MELBOURNE, Australia — El martes por la noche, los Rams de Los Ángeles iniciaron uno de los viajes internacionales más raros que ha visto la NFL.
Tras su tercera práctica semanal, volaron el martes y aterrizaron jueves por la mañana, tras 17 horas de cambio horario. En 28 horas abrirán la temporada en el MCG, y dos horas después del pitido final volverán en otro vuelo de 15 horas a Los Ángeles.
Pasarán casi tanto tiempo viajando como estando en la ciudad.

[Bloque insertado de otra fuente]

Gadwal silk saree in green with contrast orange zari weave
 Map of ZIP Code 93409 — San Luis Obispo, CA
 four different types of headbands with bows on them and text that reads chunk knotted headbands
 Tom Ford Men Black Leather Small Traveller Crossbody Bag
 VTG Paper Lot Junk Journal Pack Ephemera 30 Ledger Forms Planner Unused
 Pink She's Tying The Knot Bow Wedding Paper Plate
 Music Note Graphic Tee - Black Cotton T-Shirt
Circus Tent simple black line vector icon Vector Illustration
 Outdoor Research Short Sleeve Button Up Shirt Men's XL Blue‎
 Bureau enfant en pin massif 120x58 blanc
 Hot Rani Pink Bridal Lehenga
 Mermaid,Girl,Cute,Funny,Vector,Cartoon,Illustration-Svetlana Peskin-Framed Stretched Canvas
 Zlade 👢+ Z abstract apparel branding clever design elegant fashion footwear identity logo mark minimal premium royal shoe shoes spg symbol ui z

Los 49ers de San Francisco, en cambio, pasarán cerca de una semana en Melbourne para adaptarse al huso horario.
Ambos equipos recibieron recomendaciones distintas de sus departamentos científicos y saben que el resultado de la Semana 1 revelará cuál estrategia resultó mejor.
“Lo que me da confianza es no convertirlo en un gran asunto,” dijo el entrenador Sean McVay. “Es, ‘Miren, la realidad es que nos queda mucho por hacer, pero aprovechemos la ventana de tres horas que tenemos.’”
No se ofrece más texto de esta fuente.